— Work to complete —
Taking only the lines of the data below from the line with "Футболка женская" to the line with "Real serious dice game.", ends included, write them out exactly and without pictures.

[Opening Supplied material section]

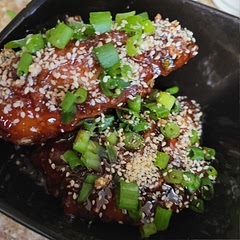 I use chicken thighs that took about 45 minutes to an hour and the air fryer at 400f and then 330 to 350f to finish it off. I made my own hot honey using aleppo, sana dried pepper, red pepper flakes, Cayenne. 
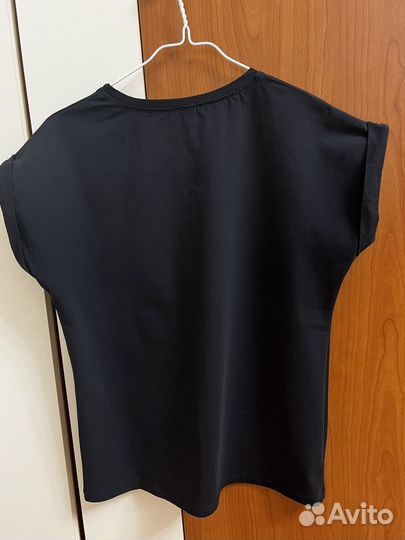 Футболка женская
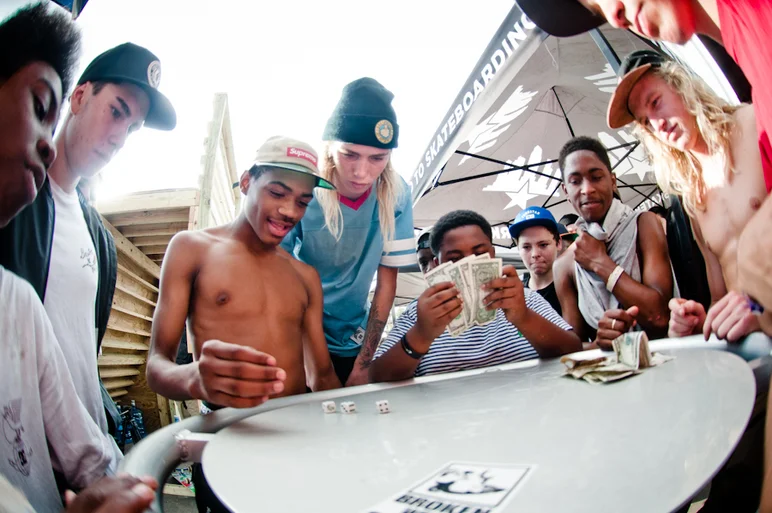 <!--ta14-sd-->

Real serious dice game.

[Closing Supplied material section]
[Opening Supplied material section]

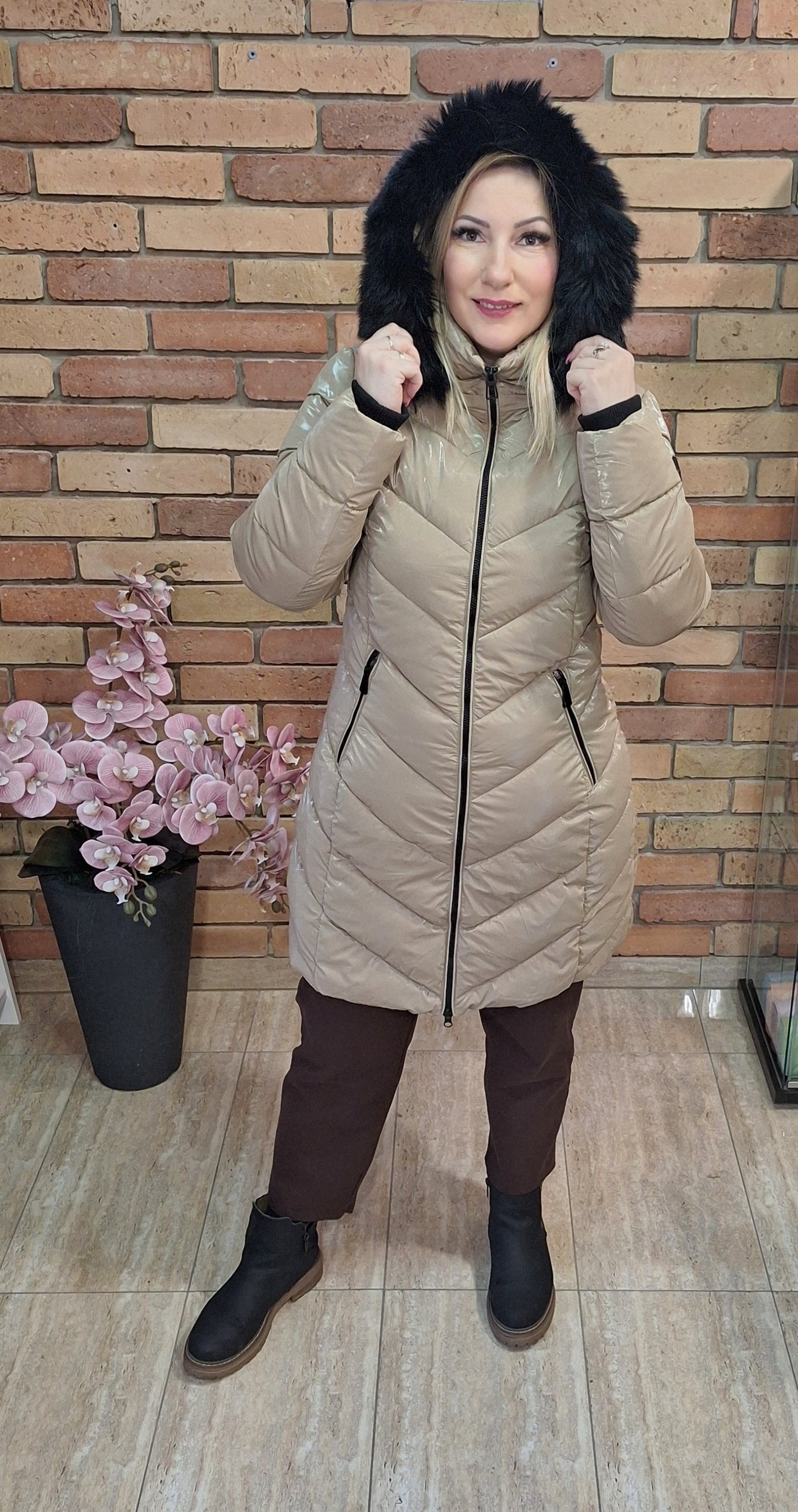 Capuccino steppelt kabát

[Closing Supplied material section]

— Finished exercise —
 Футболка женская
 <!--ta14-sd-->

Real serious dice game.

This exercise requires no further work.